Chce pracować w chałupie,
i łupać haj$.
Ale jak?
Obory nie ma, bo to blok.
To może jakoby jakaś fuszka zdalna?
Macie jakieś propozycje?
0
1
Chce pracować w chałupie,
i łupać haj$.
Ale jak?
Obory nie ma, bo to blok.
To może jakoby jakaś fuszka zdalna?
Macie jakieś propozycje?
Wal konia, pij whisky i ruchaj, kradnij krokodyle, obsrywaj kible, wycieraj gluty o lustro w windzie i o klamki, drap się po jajach i podawaj rękę, jeździj bez biletu, wkładaj ważne kwity do niszczarki jak nikt nie patrzy, podpierdalaj długopisy, zszywacze i taśmy klejące. I nie zapominaj o papierze do ksero i srajtaśmie. Jak postawią jakiś zapach czy odświeżacz w kiblu to też bierz. Niech cię sponsorują. Ja tak robię i stać mnie na mielonkę i litrowe mocne w PET
Zostań gwiazdą kamerek internetowych.
Tylko wprawiona ręka i solidne walenie konia czynią cuda. Musisz poznać dotyk wprawionej ręki na kutasie. Zwalić wszystkim Polakom od morza do Tatr. Walić zimną ręką.
1. Idz na infe zaocznie albo internetowo
2. Znajdz robote jako developer jakiejs pierdolonej javy ze springiem albo .NET
3. Olej studia
Nie dziekuj
Masz rację nie podziękuję, bo takie rady są nic nie warte.
A wiesz dlaczego? BO KONKURENCJA IT JEST PRZEOGROMNA !
Ale dzięki za chęci!
Konkurencja… piłkarzy też jest wchoooy w każdej wsi/mieście/metropolii/krzokach, ale ilu jest dobrych piłkarzy? Wystarczy robić kurwa to samiutko co robi sąsiad, to kurwa samiutko, ale odrobinkę lepiej lub tak samo lecz taniej.
Jest przeogromna jeśli jesteś kolejnym wysrywem po bootcampie bez algorytmiki albo z certyfikatami sololearn.

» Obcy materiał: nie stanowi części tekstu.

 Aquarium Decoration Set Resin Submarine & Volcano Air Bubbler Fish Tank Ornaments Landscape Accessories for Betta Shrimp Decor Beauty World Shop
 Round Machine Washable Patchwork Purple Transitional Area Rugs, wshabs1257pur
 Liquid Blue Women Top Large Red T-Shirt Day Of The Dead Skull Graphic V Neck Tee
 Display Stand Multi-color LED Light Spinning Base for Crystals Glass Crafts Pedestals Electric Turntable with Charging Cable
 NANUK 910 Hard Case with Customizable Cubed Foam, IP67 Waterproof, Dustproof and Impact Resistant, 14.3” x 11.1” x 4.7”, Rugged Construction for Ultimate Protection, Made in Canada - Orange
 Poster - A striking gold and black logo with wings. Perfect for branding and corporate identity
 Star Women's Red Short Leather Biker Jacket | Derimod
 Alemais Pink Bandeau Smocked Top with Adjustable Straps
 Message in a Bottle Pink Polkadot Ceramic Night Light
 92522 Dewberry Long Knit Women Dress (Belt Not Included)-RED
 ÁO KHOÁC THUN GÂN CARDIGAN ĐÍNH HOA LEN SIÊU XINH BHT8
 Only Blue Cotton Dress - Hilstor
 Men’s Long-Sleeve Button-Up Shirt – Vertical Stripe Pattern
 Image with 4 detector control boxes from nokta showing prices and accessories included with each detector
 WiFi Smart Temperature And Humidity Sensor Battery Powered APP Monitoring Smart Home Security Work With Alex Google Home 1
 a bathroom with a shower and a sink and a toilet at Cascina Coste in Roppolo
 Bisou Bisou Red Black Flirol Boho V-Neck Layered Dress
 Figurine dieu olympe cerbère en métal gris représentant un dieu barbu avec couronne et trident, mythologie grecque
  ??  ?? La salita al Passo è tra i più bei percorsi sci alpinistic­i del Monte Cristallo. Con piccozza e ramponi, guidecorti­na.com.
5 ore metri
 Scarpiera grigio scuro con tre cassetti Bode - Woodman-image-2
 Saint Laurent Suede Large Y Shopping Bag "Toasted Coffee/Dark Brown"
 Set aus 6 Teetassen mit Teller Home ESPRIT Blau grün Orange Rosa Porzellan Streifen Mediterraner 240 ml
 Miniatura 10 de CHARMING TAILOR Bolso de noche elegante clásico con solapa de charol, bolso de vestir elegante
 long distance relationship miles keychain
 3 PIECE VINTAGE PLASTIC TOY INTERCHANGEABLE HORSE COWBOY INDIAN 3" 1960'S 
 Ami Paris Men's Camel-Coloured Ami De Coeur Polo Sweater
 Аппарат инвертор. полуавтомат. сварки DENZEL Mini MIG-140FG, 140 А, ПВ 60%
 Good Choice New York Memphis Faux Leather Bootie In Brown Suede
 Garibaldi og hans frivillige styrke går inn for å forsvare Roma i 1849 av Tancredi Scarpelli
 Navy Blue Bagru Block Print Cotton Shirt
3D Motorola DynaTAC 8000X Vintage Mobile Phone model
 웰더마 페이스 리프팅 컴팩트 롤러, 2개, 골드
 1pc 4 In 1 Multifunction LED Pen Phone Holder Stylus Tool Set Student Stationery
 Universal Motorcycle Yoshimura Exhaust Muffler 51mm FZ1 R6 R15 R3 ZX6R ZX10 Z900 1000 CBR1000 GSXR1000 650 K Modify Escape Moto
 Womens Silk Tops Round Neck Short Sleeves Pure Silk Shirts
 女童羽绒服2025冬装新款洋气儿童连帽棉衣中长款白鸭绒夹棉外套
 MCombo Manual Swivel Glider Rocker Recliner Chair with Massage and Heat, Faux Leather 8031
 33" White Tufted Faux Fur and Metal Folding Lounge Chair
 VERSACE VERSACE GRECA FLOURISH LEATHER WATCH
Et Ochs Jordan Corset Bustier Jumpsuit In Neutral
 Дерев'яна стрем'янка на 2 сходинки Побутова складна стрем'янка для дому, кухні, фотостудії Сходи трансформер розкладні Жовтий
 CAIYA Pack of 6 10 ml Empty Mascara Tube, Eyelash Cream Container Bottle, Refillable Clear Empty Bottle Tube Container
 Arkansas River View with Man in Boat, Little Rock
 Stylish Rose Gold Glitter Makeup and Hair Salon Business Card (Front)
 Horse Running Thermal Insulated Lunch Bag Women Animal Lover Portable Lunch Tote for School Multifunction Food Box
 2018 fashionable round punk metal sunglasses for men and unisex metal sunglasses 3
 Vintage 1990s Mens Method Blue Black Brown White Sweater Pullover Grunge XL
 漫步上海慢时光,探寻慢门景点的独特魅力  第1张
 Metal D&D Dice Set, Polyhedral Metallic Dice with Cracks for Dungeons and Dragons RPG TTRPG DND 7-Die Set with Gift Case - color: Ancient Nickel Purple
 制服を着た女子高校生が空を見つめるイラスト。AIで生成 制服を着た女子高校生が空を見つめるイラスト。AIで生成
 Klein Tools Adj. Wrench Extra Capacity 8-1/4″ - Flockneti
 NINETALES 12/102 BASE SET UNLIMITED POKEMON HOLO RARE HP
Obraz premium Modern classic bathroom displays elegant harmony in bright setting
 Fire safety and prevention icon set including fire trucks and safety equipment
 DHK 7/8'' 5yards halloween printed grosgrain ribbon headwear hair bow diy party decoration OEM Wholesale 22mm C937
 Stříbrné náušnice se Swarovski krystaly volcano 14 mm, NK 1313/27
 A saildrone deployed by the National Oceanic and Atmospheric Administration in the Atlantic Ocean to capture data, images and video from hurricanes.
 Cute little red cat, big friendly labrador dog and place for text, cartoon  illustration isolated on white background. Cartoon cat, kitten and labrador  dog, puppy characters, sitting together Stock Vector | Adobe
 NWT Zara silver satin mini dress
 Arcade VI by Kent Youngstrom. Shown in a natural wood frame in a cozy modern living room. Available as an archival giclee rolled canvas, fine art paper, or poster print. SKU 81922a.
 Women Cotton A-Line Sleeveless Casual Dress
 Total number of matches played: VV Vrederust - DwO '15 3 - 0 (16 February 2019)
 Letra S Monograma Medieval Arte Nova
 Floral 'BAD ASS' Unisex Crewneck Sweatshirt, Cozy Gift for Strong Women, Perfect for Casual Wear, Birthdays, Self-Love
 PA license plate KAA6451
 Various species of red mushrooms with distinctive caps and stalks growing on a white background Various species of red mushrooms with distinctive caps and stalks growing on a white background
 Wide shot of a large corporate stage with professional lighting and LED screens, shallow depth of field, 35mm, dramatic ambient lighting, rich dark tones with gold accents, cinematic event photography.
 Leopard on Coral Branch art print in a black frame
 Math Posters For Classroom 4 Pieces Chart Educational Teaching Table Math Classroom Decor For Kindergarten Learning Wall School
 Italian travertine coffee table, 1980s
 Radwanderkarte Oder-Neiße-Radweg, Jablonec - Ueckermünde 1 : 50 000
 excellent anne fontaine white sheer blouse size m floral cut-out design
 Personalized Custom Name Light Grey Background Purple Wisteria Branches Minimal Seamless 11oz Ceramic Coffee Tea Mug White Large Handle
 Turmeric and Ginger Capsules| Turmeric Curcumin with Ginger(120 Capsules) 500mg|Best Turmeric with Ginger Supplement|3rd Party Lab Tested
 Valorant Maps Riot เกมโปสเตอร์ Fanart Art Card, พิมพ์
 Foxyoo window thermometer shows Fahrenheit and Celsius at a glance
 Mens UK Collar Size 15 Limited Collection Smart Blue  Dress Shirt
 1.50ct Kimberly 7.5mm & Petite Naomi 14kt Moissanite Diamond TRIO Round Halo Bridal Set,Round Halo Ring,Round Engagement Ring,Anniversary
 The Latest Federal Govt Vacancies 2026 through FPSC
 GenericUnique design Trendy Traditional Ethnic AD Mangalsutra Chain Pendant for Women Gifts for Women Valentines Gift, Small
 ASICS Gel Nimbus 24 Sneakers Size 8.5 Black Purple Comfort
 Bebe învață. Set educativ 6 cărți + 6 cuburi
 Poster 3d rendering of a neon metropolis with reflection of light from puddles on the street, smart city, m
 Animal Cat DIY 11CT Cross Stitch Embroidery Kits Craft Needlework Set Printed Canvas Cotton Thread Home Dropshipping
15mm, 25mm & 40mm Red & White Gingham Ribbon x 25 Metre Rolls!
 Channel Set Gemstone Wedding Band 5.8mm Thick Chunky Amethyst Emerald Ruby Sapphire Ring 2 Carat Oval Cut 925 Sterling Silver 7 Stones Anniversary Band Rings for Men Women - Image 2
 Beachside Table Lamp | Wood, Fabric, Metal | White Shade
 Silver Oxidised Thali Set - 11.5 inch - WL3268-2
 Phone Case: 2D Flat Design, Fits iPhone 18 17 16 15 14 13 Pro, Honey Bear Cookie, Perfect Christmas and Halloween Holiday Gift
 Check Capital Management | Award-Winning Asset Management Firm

Jeśli umiesz coś więcej niż przepisanie kodu z tutorialu django to się okazuje, że robota jest w zasięgu ręki. Jak nie pasuje ci programowanie to szukaj jakiejś niszy, może i poza IT i.e. jakieś korposranie z dobrym angielskim i excelem. Prostej pracy przy komputerze pewnie nie dostaniesz, bo to na co liczysz pewnie da się zautomatyzować skryptem w powershellu albo jakimś pythonie, musisz troche pomyśleć sam, nie jakoś dużo, ale jednak.
Ew. udawaj laske w internecie, z tego też jest kasa, zdziwiłbyś się jaka.